Robert Samuelson weighs in on the side of the fundamentals of supply and demand being the primary culprits behind the rising prices of oil and other commodities:

Granted, raw materials prices have exploded across the board. From 2002 to 2007, oil rose 177 percent, corn 70 percent, copper 360 percent and aluminum 95 percent. But that’s just the point. Did “speculators” really cause all those increases? If so, why did some prices go up more than others? And what about steel? It rose 117 percent — and has increased further in 2008 — even though it isn’t traded on commodities futures markets.

A better explanation is basic supply and demand. Despite the U.S. slowdown, the world economy has boomed. Since 2002, annual growth has averaged 4.6 percent, the highest sustained rate since the 1960s, says economist Michael Mussa of the Peterson Institute. By their nature, raw materials (food, energy, minerals) sustain the broader economy. They’re not just frills. When unexpectedly high demand strains existing production, prices rise sharply as buyers scramble for scarce supplies. That’s what happened.

He continues with an explanation of the futures markets:

Commodity price increases vary because markets vary. Rice isn’t zinc. No surprise. But “speculators” played little role in these price run-ups. Who are these offensive souls? Well, they often don’t fit the stereotype of sleazy high rollers: Many manage pension funds or university and foundation endowments.

Their trading might drive up prices if they were investing in stocks or real estate. But commodity investing is different. Investors generally don’t buy the physical goods, whether oil or corn. Instead, they trade “futures contracts,” which are bets on what prices will be in, say, six months. For every trader betting on higher prices, another is betting on lower prices. These trades are matched. In the stock market, all investors (buyers and sellers) can profit in a rising market, and all can lose in a falling market. In futures markets, one trader’s gain is another’s loss.
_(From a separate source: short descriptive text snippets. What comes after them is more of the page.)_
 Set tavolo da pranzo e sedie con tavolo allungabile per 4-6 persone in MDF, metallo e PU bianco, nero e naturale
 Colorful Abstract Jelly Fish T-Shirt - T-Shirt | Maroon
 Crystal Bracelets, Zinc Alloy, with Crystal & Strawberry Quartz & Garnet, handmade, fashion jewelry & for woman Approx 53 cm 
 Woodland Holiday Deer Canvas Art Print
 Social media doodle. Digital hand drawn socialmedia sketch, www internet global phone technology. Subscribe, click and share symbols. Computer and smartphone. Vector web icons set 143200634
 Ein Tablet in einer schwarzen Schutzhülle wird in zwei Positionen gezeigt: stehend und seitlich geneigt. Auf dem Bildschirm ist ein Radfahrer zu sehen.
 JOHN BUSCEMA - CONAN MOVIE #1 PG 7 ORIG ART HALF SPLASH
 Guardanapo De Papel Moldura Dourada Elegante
That’s basically what I’ve been saying all along. Still, speculators have from time to time attempted to corner the market on one thing or another. The Hunt Brothers and silver, for example. IIRC these attempts haven’t been very successful historically and spectacular rises have been followed by meteoric falls.

Update

If you’d like to see the details with graphs, charts and what-not on the fundamentals mentioned above and why we shouldn’t expect much improvement for the foreseeable future, see This excellent post at The Oil Drum: Europe. Most specifically it’s extremely obvious that we cannot reduce the price of oil by cutting back on consumption. Any foreseeable U. S. and European conservation will be overwhelmed by increases in Chinese consumption.

3 comments… add one
  • That’s consistent with my reasoning on the fundamentals being primarily responsible for the runup in oil prices. The additional complication is that most countries in the world—both those whose consumption is declining as in Europe and those whose consumption is rising as in China and the Middle East—are relatively less sensitive to the price of oil than we are.

    The Chinese and people in the Middle East are less sensitive because oil consumption is subsidized and the Europeans are less sensitive because oil is heavily taxed and the market price of oil pays relatively less role in prices at the pump.
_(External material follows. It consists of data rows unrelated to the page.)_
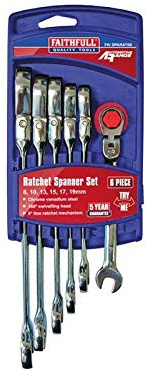 Faithfull FAISPARAT6S Flex Head Ratchet Combination Spanner Set (Pack of 6)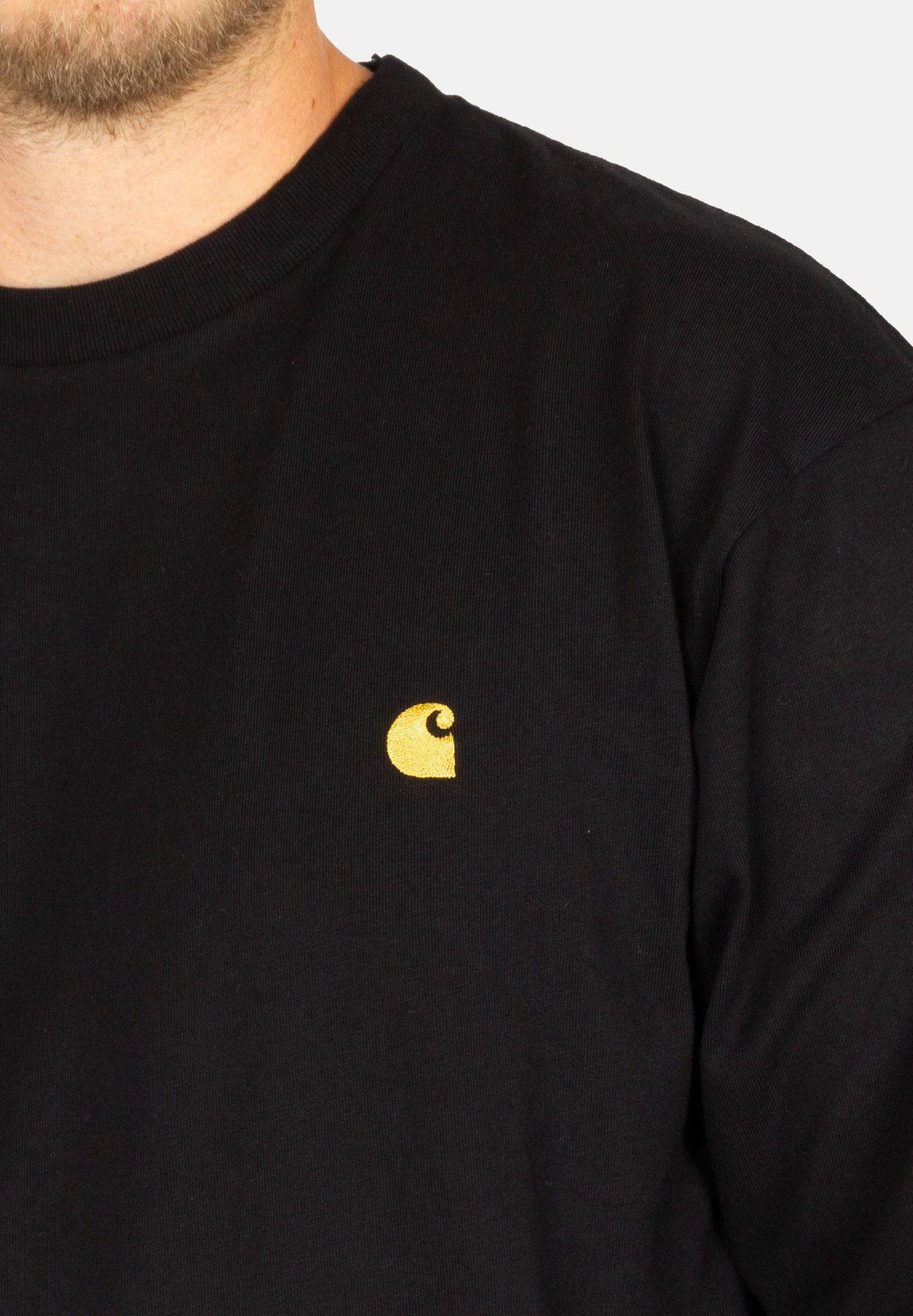 Carhartt WIP Chase Longsleeve - Black / Gold Schwarz Bild 5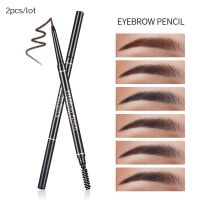 2Pcs 1.5mm Slim Double Head Eye Brow Pencil Natural Long Lasting Waterproof Eyebrow Pencil Eyebrow Tint Brow Liner Makeup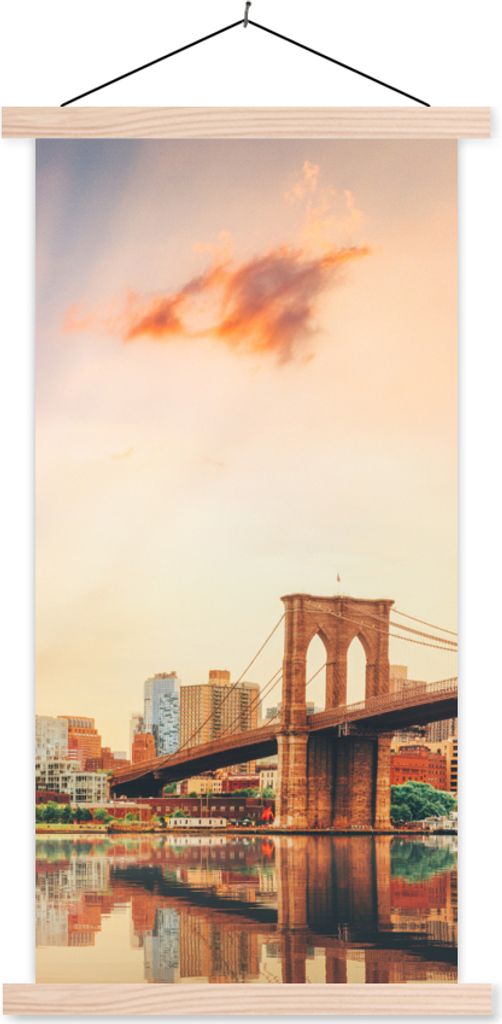 MuchoWow Textilposter New York - Brooklyn - Brücke - Sonnenuntergang 40x80 cm mit holzfarbenen Rahmen - Wohnzimmer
  • Yep–but it’s important to note that fundamentals still indicate a much lower price when you adjust out those future supply expectations. More like $60-80/bbl at current production rates. Any solid indication that we were actually making some REAL effort to exploit our own extremely considerable reserves would do. Such as Congress lifting the moratoriums that keep offshore drilling impossible, and/or permitting work on coal-to-oil plants or dopping the blockade on shale oil production.
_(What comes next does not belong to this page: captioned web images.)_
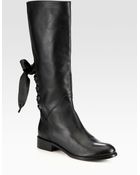 Valentino Leather Laceup Boots - Lyst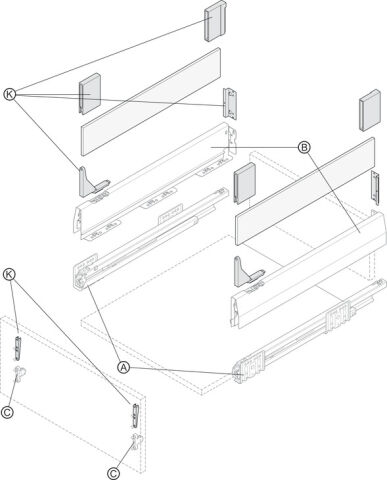 Häfele Matrix Box P Plus - Panel tutucu Metalik antrasit 551.60.999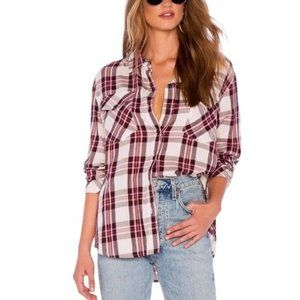 Sanctuary Boyfriend For Life Flannel Shirt Plaid Long Sleeve Button Down Red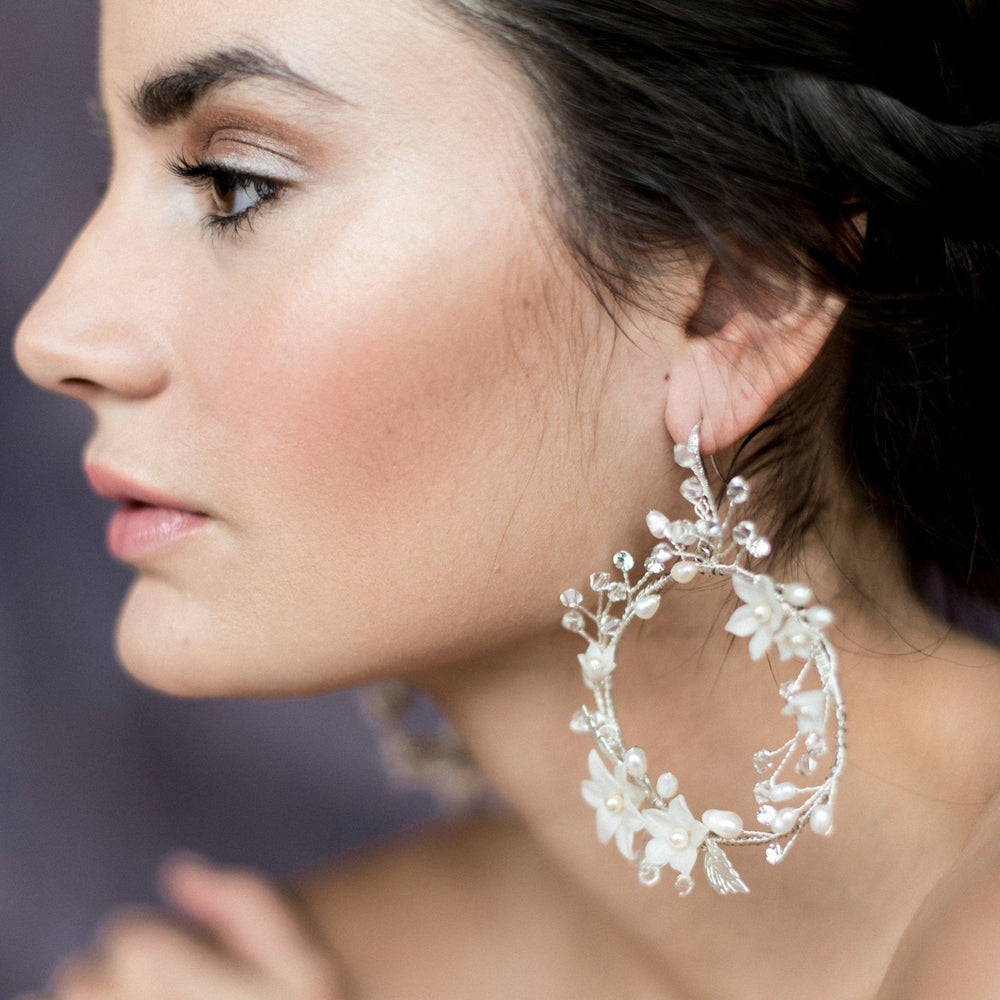 Large Gold Statement Wedding Hoop Earrings, Pearl, Crystal, Flower Bridal  Chandelier Earrings — Edera Jewelry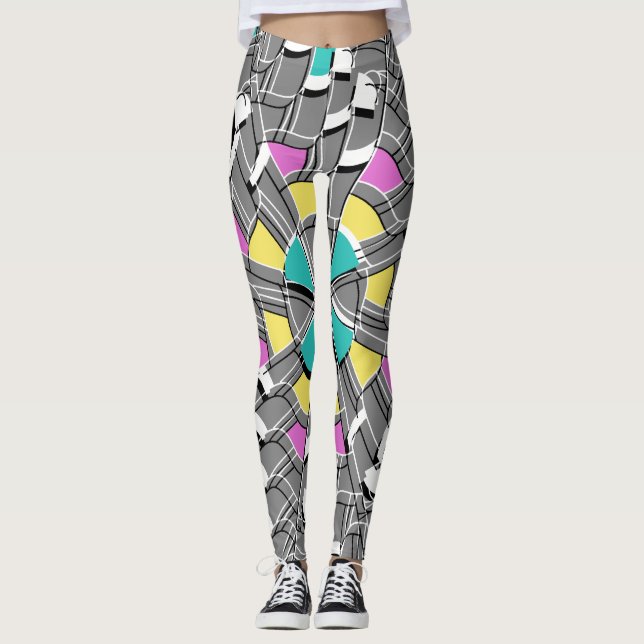 Leggings Tourbillon de turquoise - (Devant)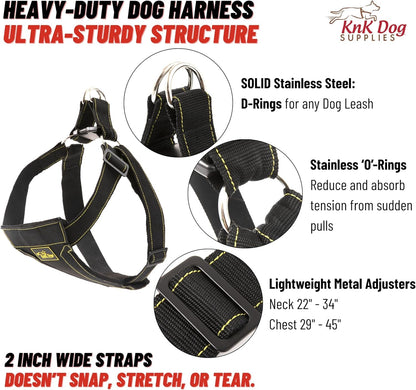 KNK Heavy Duty Dog Harness for Pitbull and Bullies – Tactical Dog Harness for Large Dogs and XL Breeds – Ultra-Durable Chest Support for Training, Walking and Strong Breeds3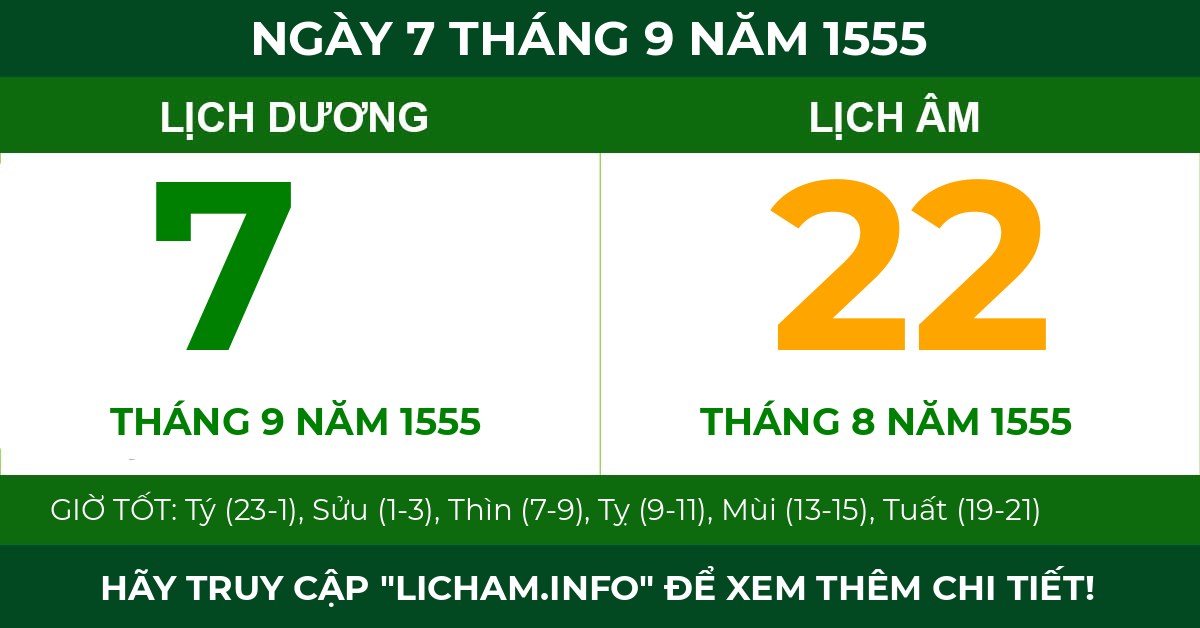 lịch âm ngày 7 tháng 9 năm 1555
    We are hostage as much to our own government’s lack of seriousness in addressing our foreign oil dependence as anything else. There is NO lack of oil and oil equivalents available to us in this country, just a lack of the political will required to develop those resources.

    Not that we shouldn’t continue to gain efficiencies through technology and to develop better and more cost-effective alt-energy sources–we certainly should, and deploy them as they become economically viable–but the hard reality is that our domestic conventional reserves of oil and shale oil and coal can be developed much more quickly than any of the alt-energy alternatives, and for most of the alternatives the infrastructure to deploy them simply isn’t there, and can’t be put in place nearly as quickly as a boost in conventional source processing can.

    IOW, we have to act decisively for the long term to get short term prices down.